The future of e-book formats

An article with some interesting thoughts: “Will There Ever Be A Universal, MP3-Like Standard For E-Books?”

Personally, I’d say PDF (not Epub) is to e-books what MP3 is to music files: A widely adopted, universally recognized format that no one’s entirely happy with but satisfies most people’s needs.

Undocumented “open” formats

Recently I learned that I can’t upgrade to a current version of Finale Allegro, a music entry program, except by getting the very expensive full version or taking a step downward to PrintMusic. Since I don’t want to lose all my files when some “upgrade” makes Allegro stop working, I’ve been looking for alternatives. MuseScore has its attractions; it’s open source, powerful, and generally well regarded. But I ran across this discussion on the MuseScore forum, which has me just a bit worried. According to “Thomas,” whose user ID is 1 and so probably speaks with authority, “As the MuseScore format is still being shaped on a daily basis, we haven’t put any effort yet to create a schema.”

This doesn’t encourage me to use MuseScore. Even though it’s an “open” application, its format isn’t open in any meaningful sense. You can download the code and reverse-engineer it, of course, but it’s going to change in the next version. While I’m sure the developers will try not to break files created with earlier versions, there’s no guarantee they’ll succeed, and they’re likely to be especially careless about compatibility with files that are more than a few versions old.

You can export files to MusicXML, which is standardized, but in trying this out I came upon a disturbing bug. If I edit the file and save the changes, they’re saved not to the .xml file but to a .mcsz file, MuseScore’s native format. If there’s already an older file with that name, it gets overwritten without warning.

The dichotomy between “open” and “proprietary” formats is the wrong one. There are many formats which are trademarked by a business and their documentation copyrighted, but if the documentation is public and the format not encumbered by patents, anyone can use it. Formats which are created by open-source code but are undocumented and subject to change might are effectively closed formats.

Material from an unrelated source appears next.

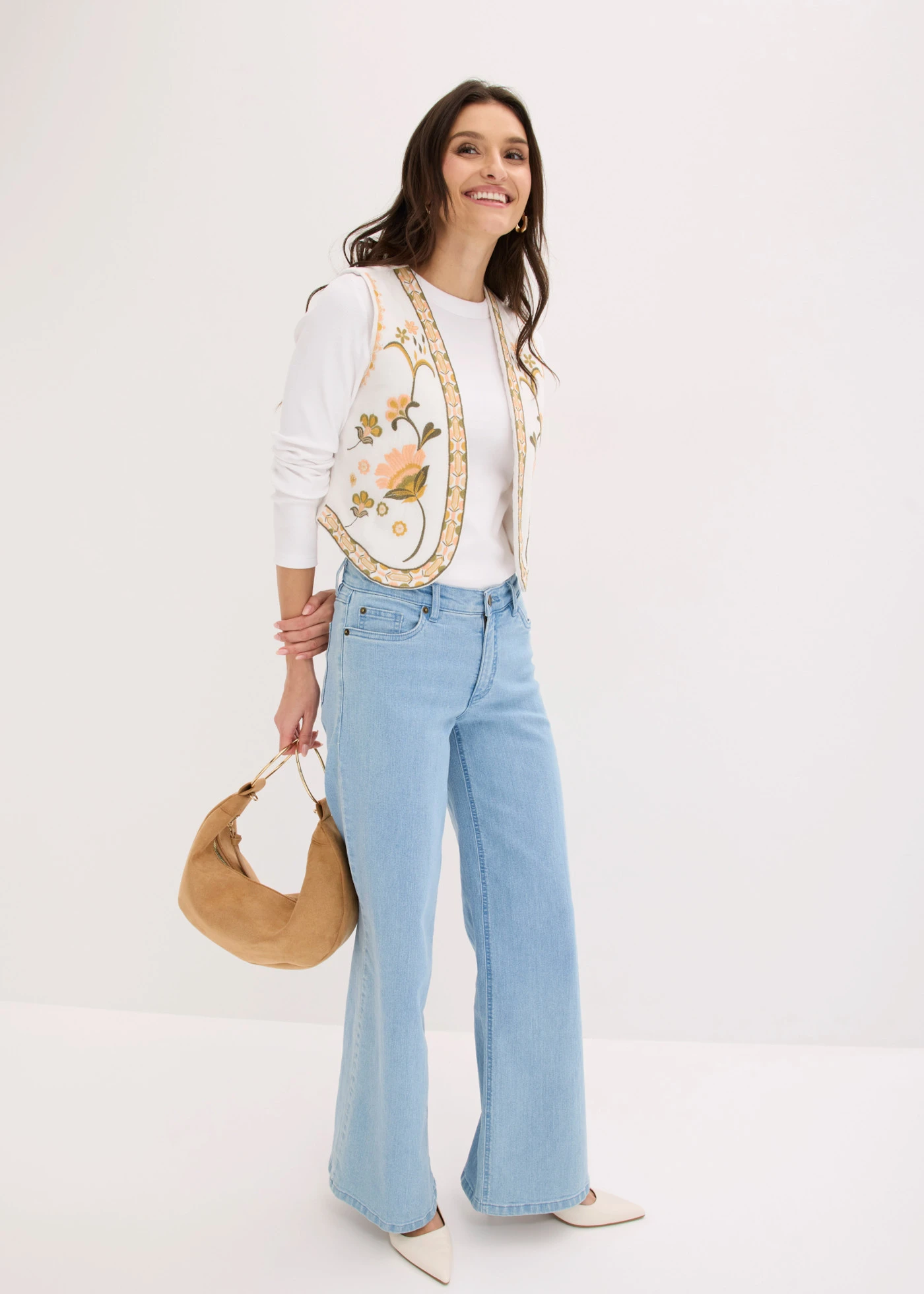 Gilet sans manches brodé • écru floral • Boutique bonprix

This post grew, in part, from my thoughts on avoiding data loss due to format obsolescence, which is this topic of this week’s post on Files That Last.

The HTML5 “sarcasm” tag

In the November 5 Editor’s Draft of HTML5: A vocabulary and associated APIs for HTML and XHTML, there is a curious reference to the “sarcasm” tag. The “in body” insertion mode

When the user agent is to apply the rules for the “in body” insertion mode, the user agent must handle the token as follows:

An end tag whose tag name is “sarcasm”

Take a deep breath, then act as described in the “any other end tag” entry below.

This is the only reference to the tag, so I guess only the closing </sarcasm> tag is allowed, not the opening <sarcasm> tag.

Perhaps this was a test to see if anyone’s actually reading?

The email jungle

In researching tomorrow’s post on email preservation on Files That Last, I came to appreciate more thoroughly how messy email formats are. RFC 4155, which defines “the ‘default’ mbox database format” (their quotes around “default”) and application/mbox MIME type, tells us that “The mbox database format is not documented in an authoritative specification, but instead exists as a well-known output format that is anecdotally documented, or which is only authoritatively documented for a specific platform or tool.”

Some versions may have eight-bit character data with the character encoding not explicitly specified, and possibly varying from one file creator to another. The format of email addresses isn’t specified. A short page on, referenced from RFC 4155, discusses some of the variants, including mboxo, mboxrd, mboxc1, and mboxc12. The differences may appear minor, but they’re sufficient that a parser that assumes one of the variants can fail when it encounters the others.

Then there’s the encoding issue. Most of the world has settled on MIME by now, but older archives (and perhaps some recent ones) may contain messages encoded with uuencode, BinHex, or Apple Single. The last two are found mostly with mail that was sent from Macintosh clients, but uuencode was once widely used — and poorly standardized.

An alternative email archiving format is the CERP XML schema. This looks at a glance as if it provides better structuring than MBOX, but it isn’t as widely supported.

Update: The FTL post is now available at “You HAD mail.”